> [WHAT TO DO]
Copy out the data word for word, without any of its pictures.

■ ■ ■ ■ ■ ■ ■

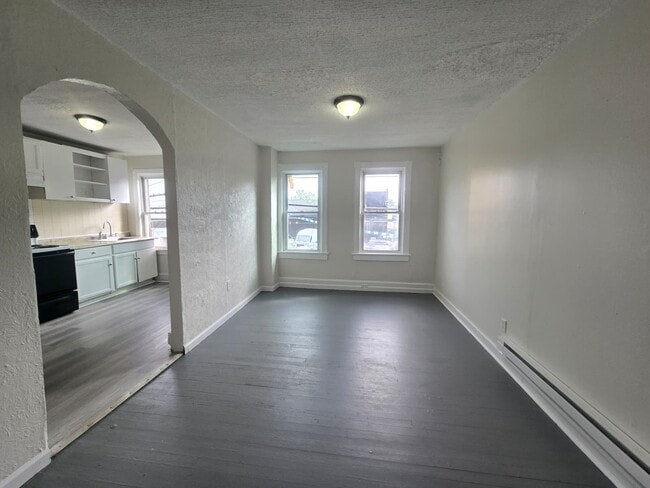 property at 1419 Princeton Ave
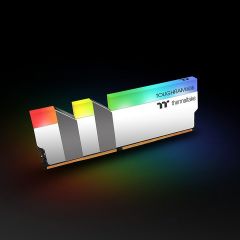 Thermaltake TOUGHRAM RGB Beyaz DDR4-4600Mhz CL19 16GB (2X8GB) Dual Bellek Kiti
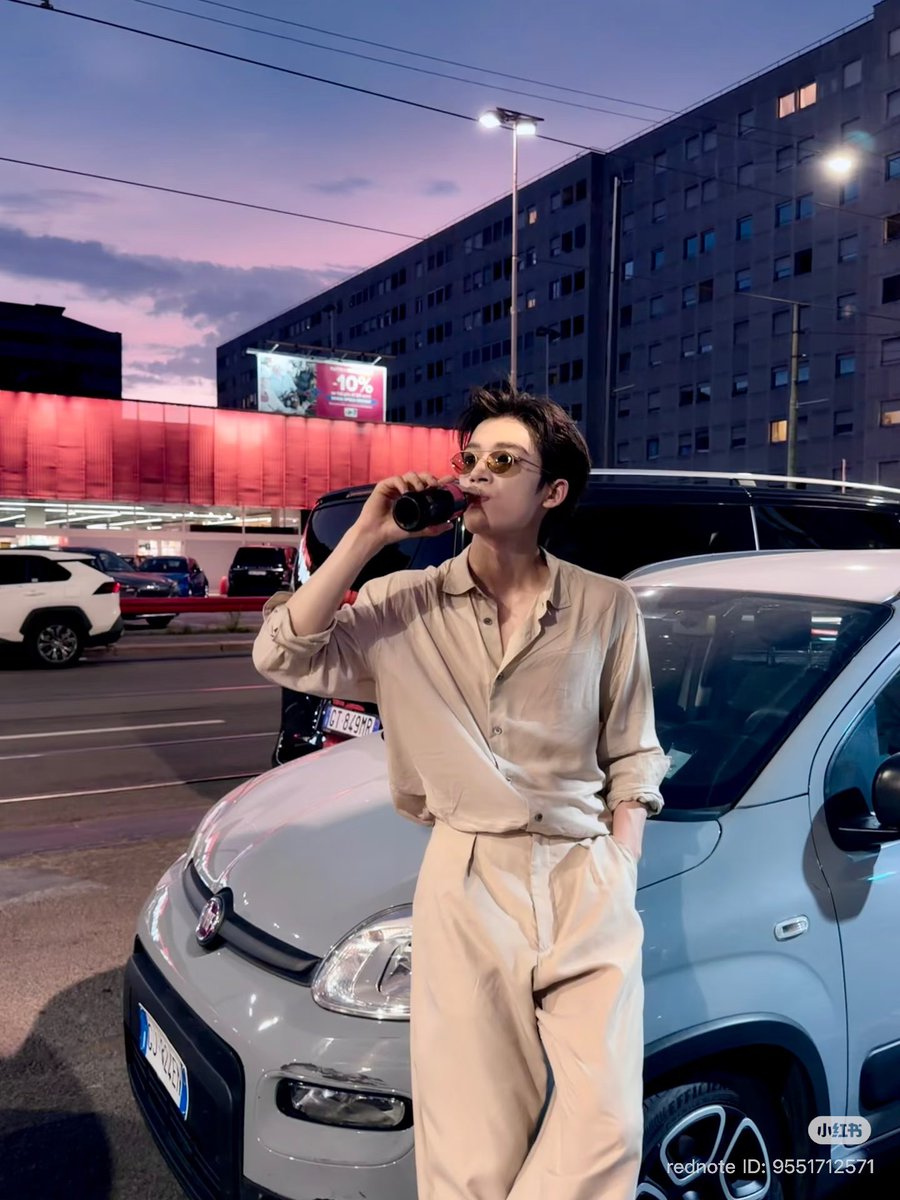 WangXingyueFans's tweet photo. Nothing beats getting little glimpses of his journey through his own eyes 📸 🍹😉

#WangXingyue https://t.co/HVvjm9oUrA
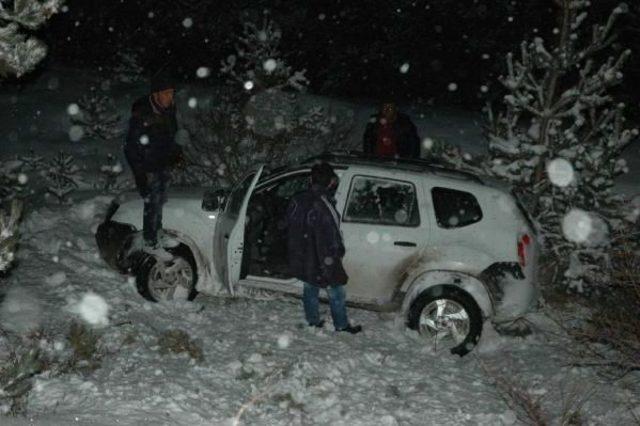 Ilgar Dağı Geçidi'nde Tipi Kazaralara Yol Açtı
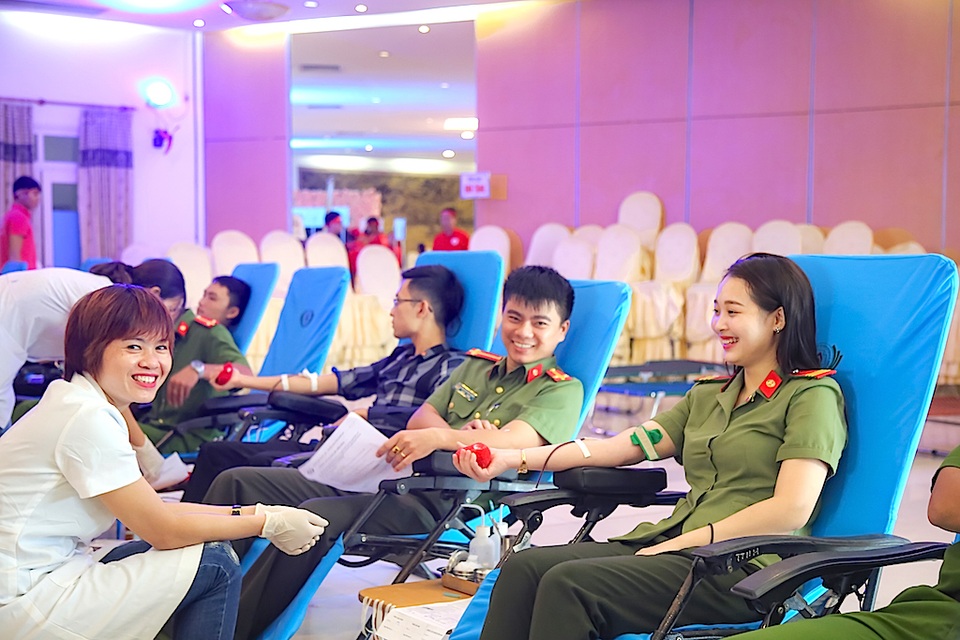 "Giọt hồng xứ Nghệ” thu 1.708 đơn vị máu - 8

■ ■ ■ ■ ■ ■ ■

> [RESULT OF THIS TASK]
 property at 1419 Princeton Ave
 Thermaltake TOUGHRAM RGB Beyaz DDR4-4600Mhz CL19 16GB (2X8GB) Dual Bellek Kiti
 WangXingyueFans's tweet photo. Nothing beats getting little glimpses of his journey through his own eyes 📸 🍹😉

#WangXingyue https://t.co/HVvjm9oUrA
 Ilgar Dağı Geçidi'nde Tipi Kazaralara Yol Açtı
 "Giọt hồng xứ Nghệ” thu 1.708 đơn vị máu - 8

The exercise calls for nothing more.